**Data under study**
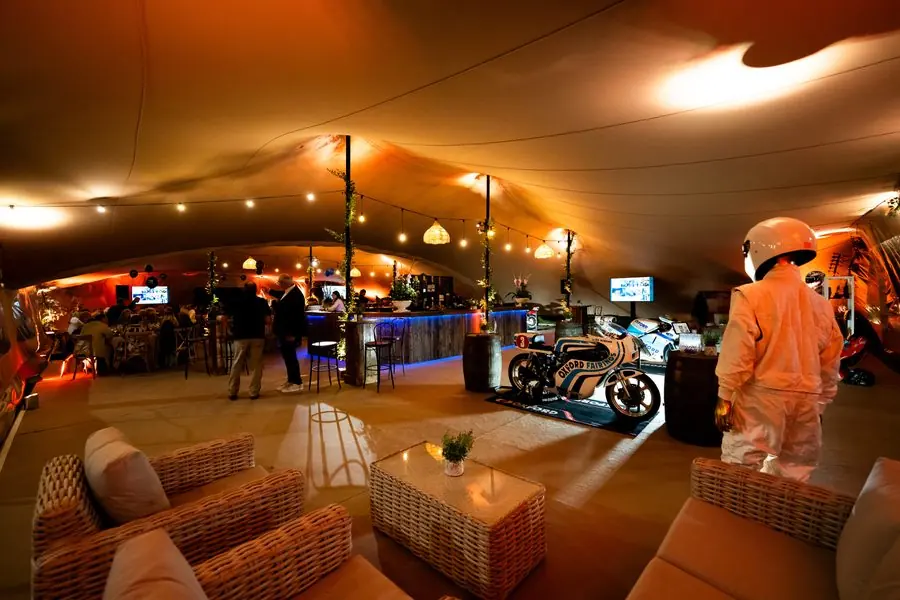 Marquee interior lounge with motorcycle display
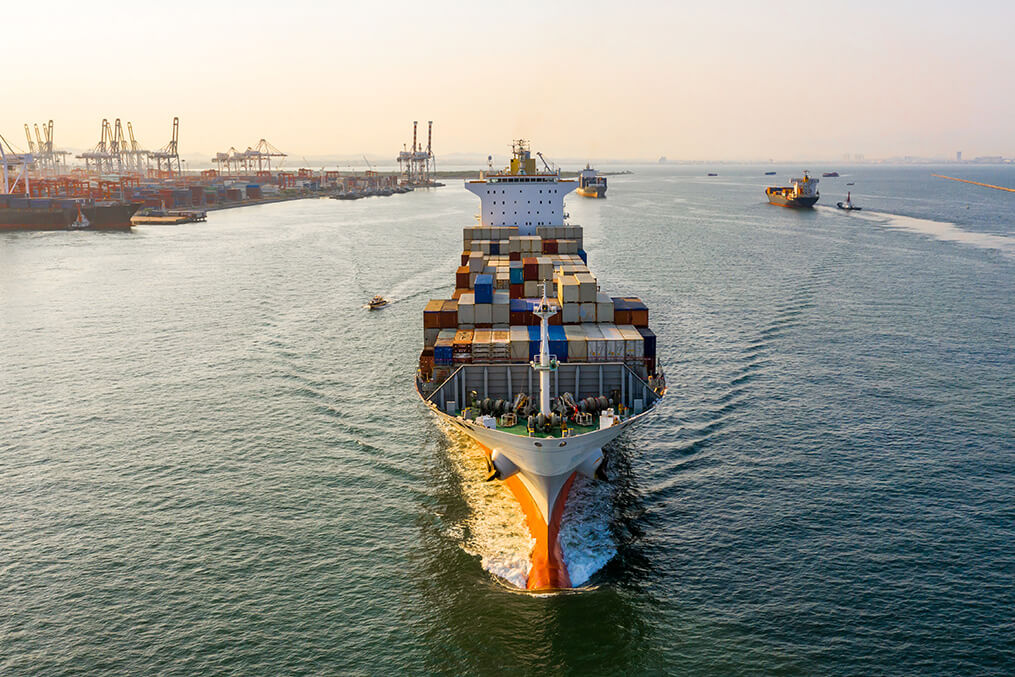 Cargo shipping container leaving port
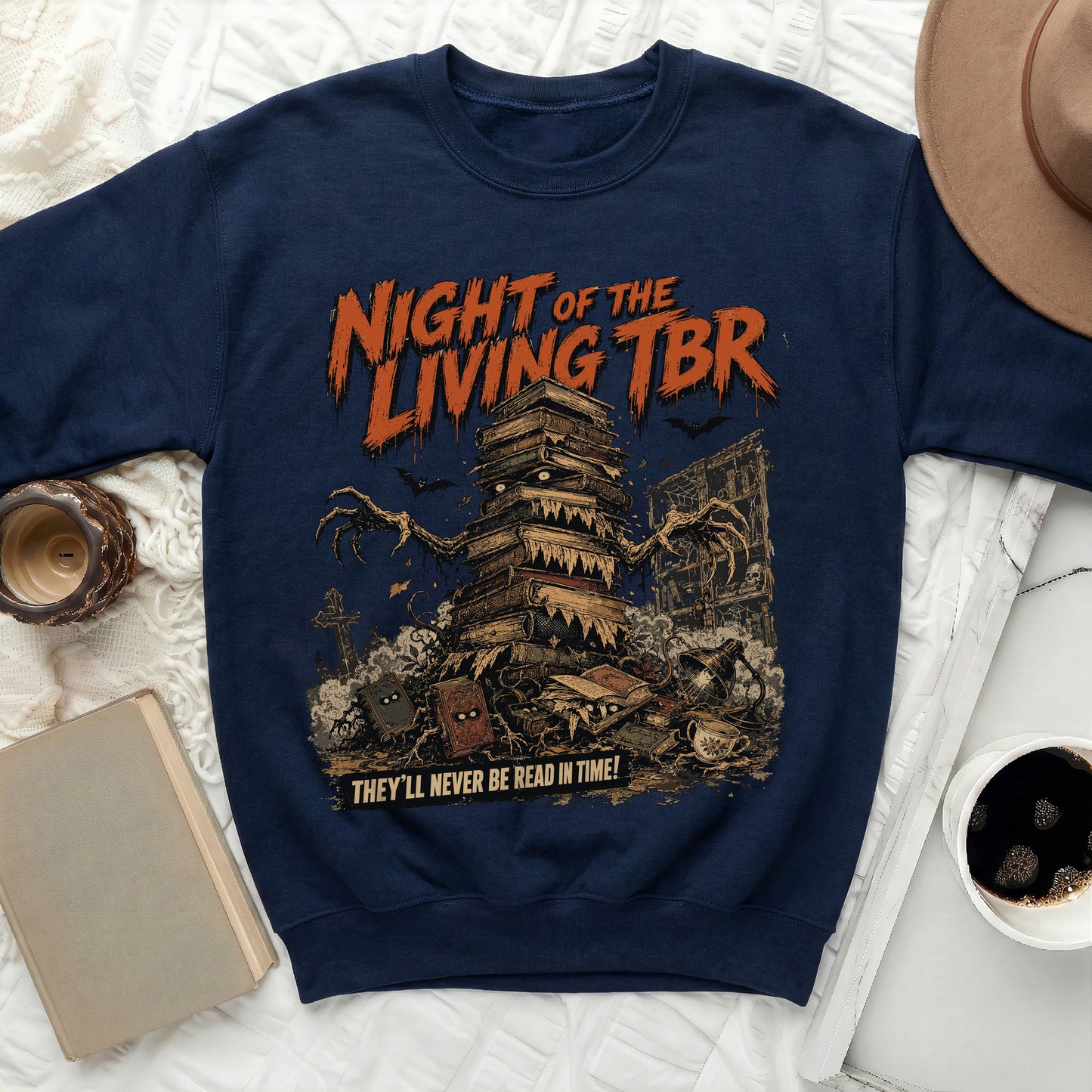 Navy sweatshirt with "Night of the Living TBR" text and monster books graphic.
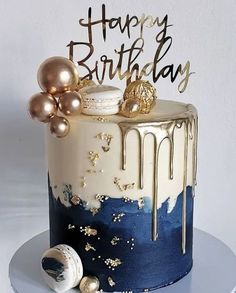 a birthday cake with gold and blue icing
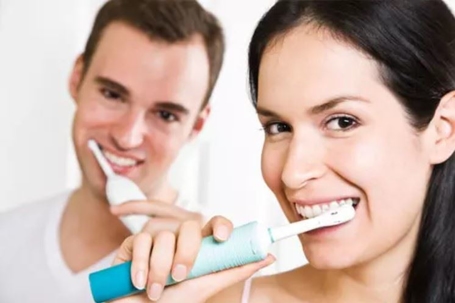 man and woman brushing their teeth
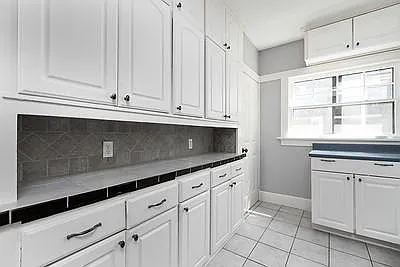 Tile work station with tile back splash. Tons of cabinet space. Entrance to basement also has side door to outside for easy moving. Basement has a lot of storage and 1/2 bath, furnace, hot water heater, work bench.
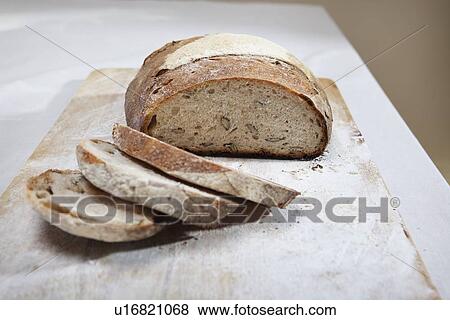 Close up of sliced loaf of bread View Large Photo Image Stock Photo - Close up of sliced loaf of bread. Fotosearch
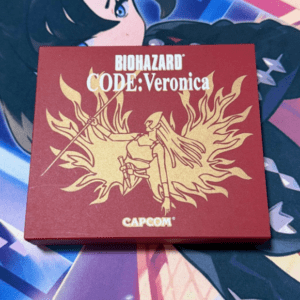 Red box for Biohazard Code: Veronica by Capcom, featuring a gold winged figure emblem and the Capcom logo.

**Goal of the exercise**
Each line from the one containing "Close up of sliced loaf of bread View" through the last line of the data should be written out exactly. Skip the pictures, and add no other lines.

**Answer space**
 Close up of sliced loaf of bread View Large Photo Image Stock Photo - Close up of sliced loaf of bread. Fotosearch
 Red box for Biohazard Code: Veronica by Capcom, featuring a gold winged figure emblem and the Capcom logo.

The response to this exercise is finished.